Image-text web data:

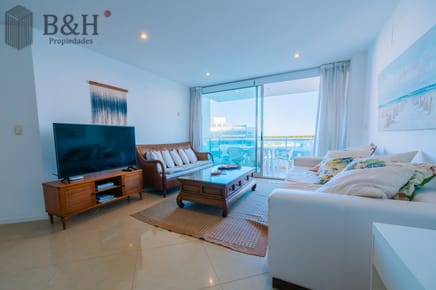 Amplio Apartamento de 3 dormitorios + dependencia a 100 metros Del Mar
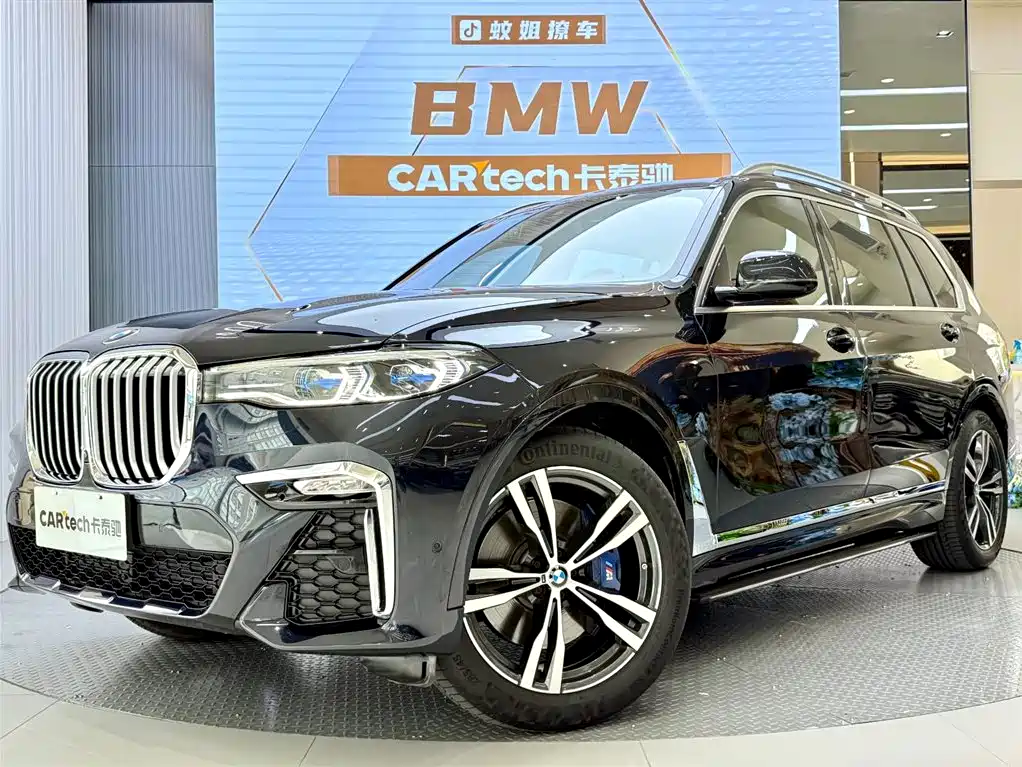 BMW X7 2022 xDrive40i Exclusive M Sport Package фото 2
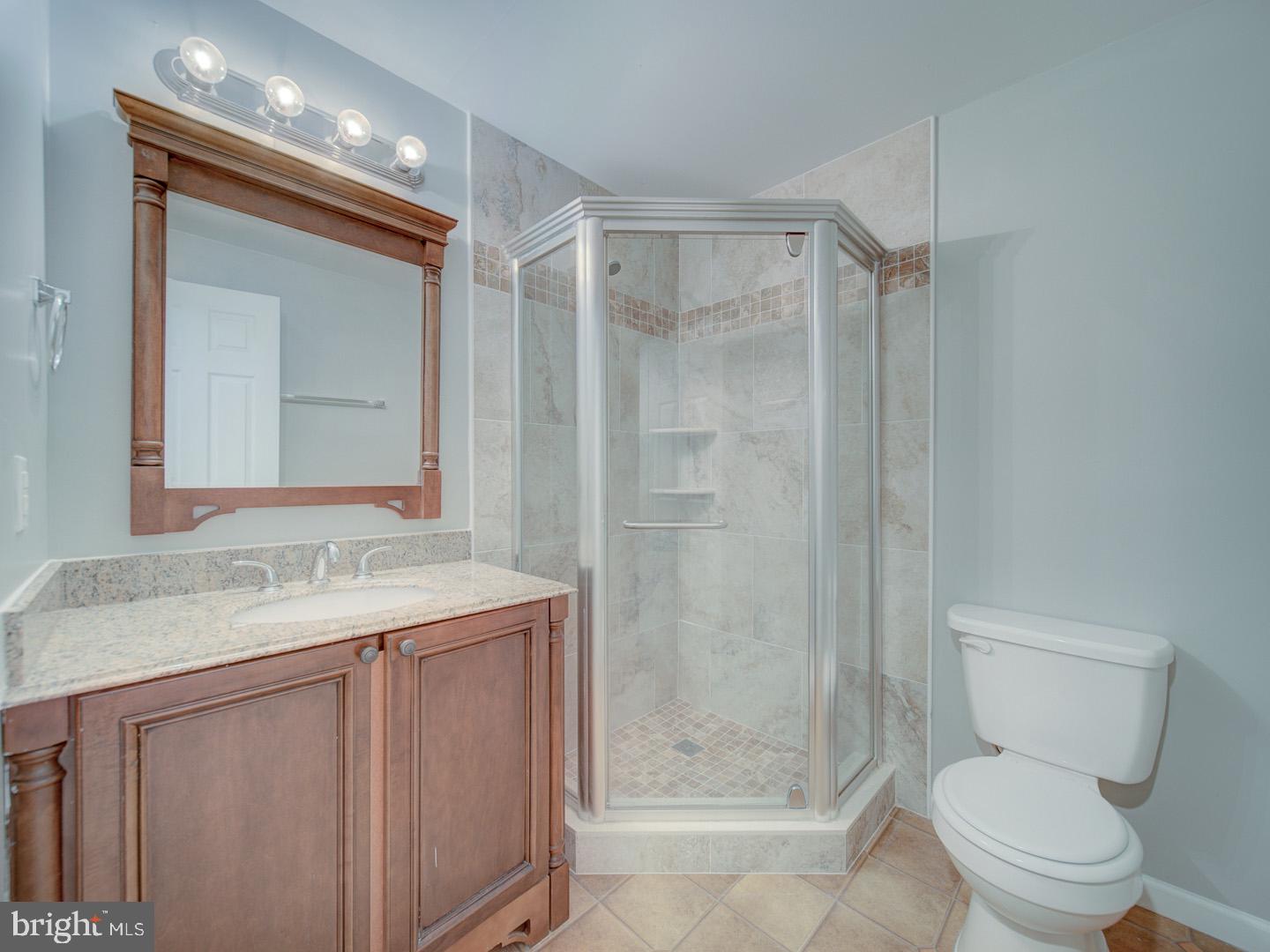 103 Susan Constant Ct Property Photo 64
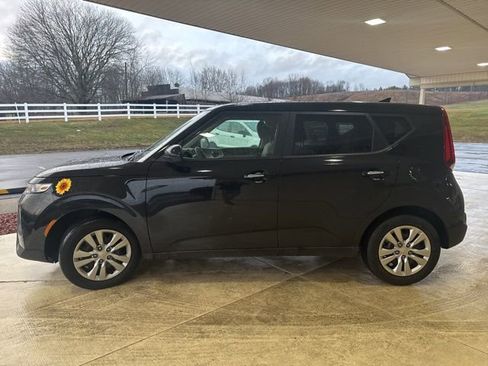 Used 2022 Kia Soul LX image 6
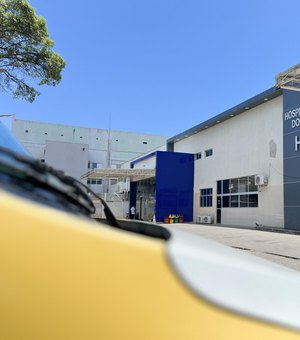 Motociclista fica gravemente ferido após colidir contra ciclista no bairro Guaxuma, em Maceió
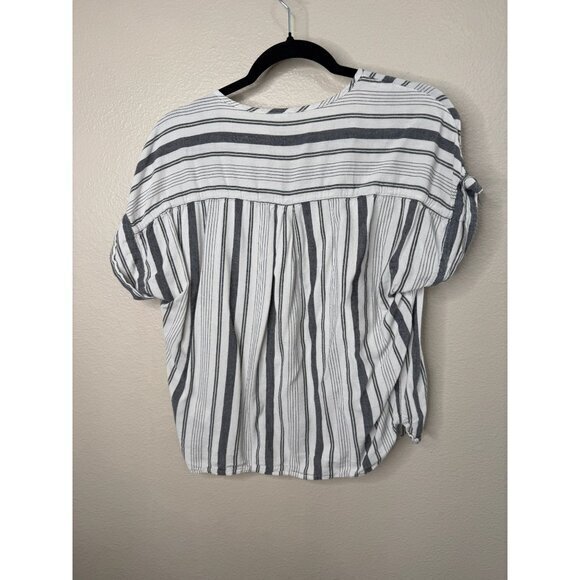 Old Navy Women's White/Gray Blouse Size S short sleeve v-neck pullover cotton - Picture 5 of 6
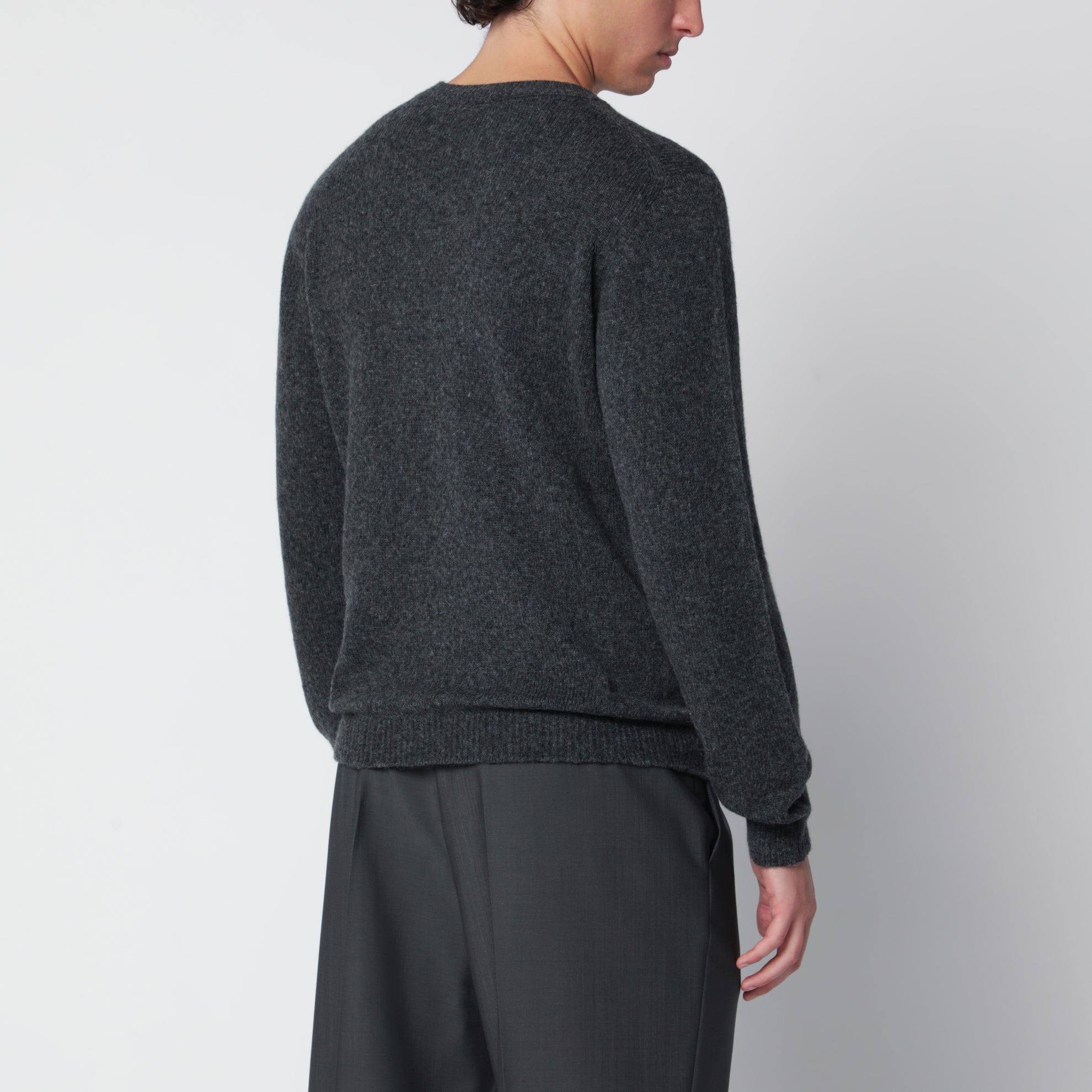 Maglione grigio antracite in misto lana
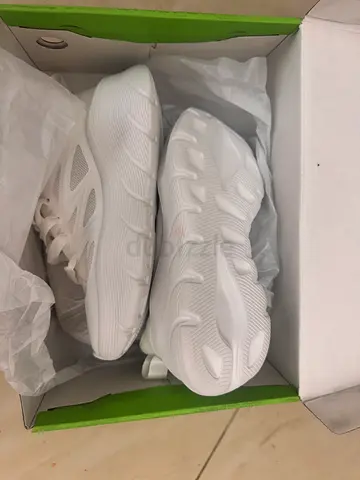 Brand new all-white sneakers - unworn, size -39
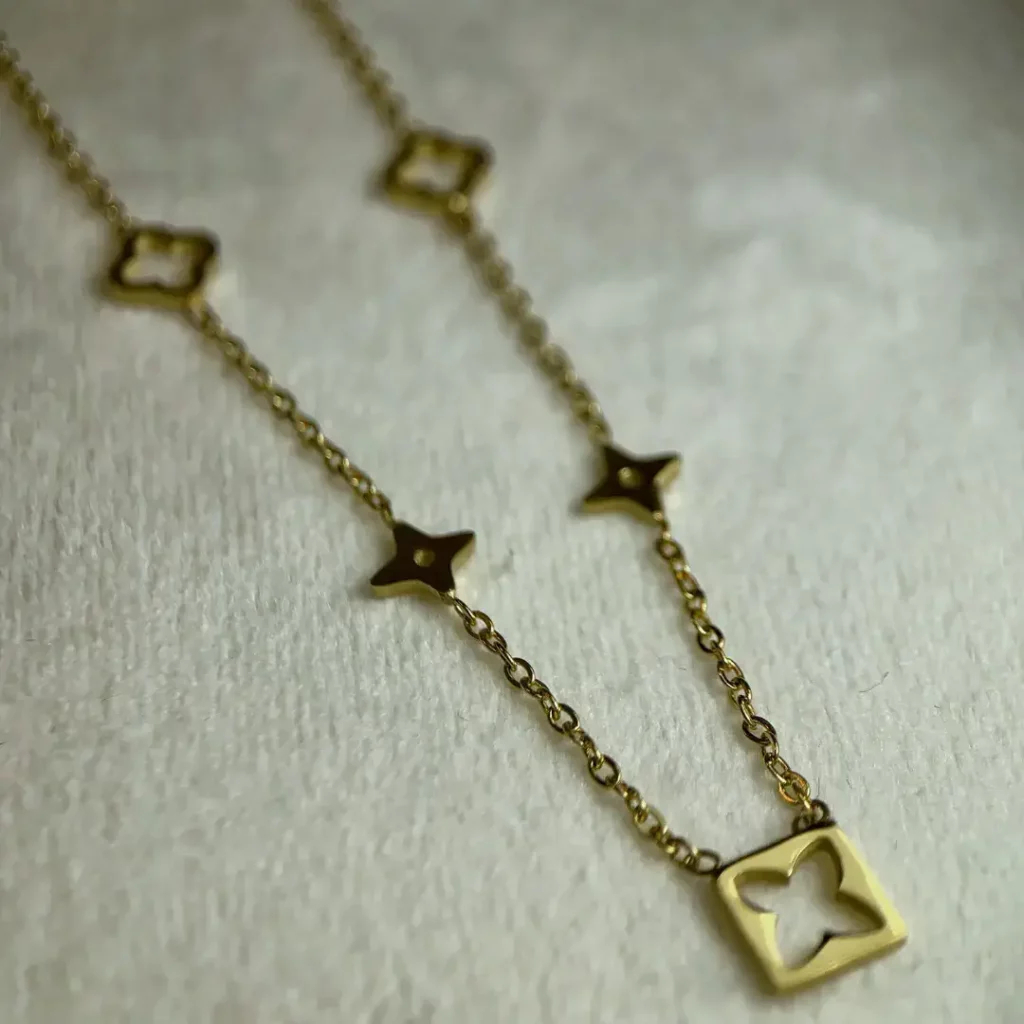 Collier or inox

WHAT YOU SHOULD DO: Beginning with the line containing "103 Susan Constant Ct Property Photo 64" and ending with the last line of the data, output those lines exactly and nothing more. Omit every picture.

TASK OUTPUT:
 103 Susan Constant Ct Property Photo 64
 Used 2022 Kia Soul LX image 6
 Motociclista fica gravemente ferido após colidir contra ciclista no bairro Guaxuma, em Maceió
 Old Navy Women's White/Gray Blouse Size S short sleeve v-neck pullover cotton - Picture 5 of 6
 Maglione grigio antracite in misto lana
 Brand new all-white sneakers - unworn, size -39
 Collier or inox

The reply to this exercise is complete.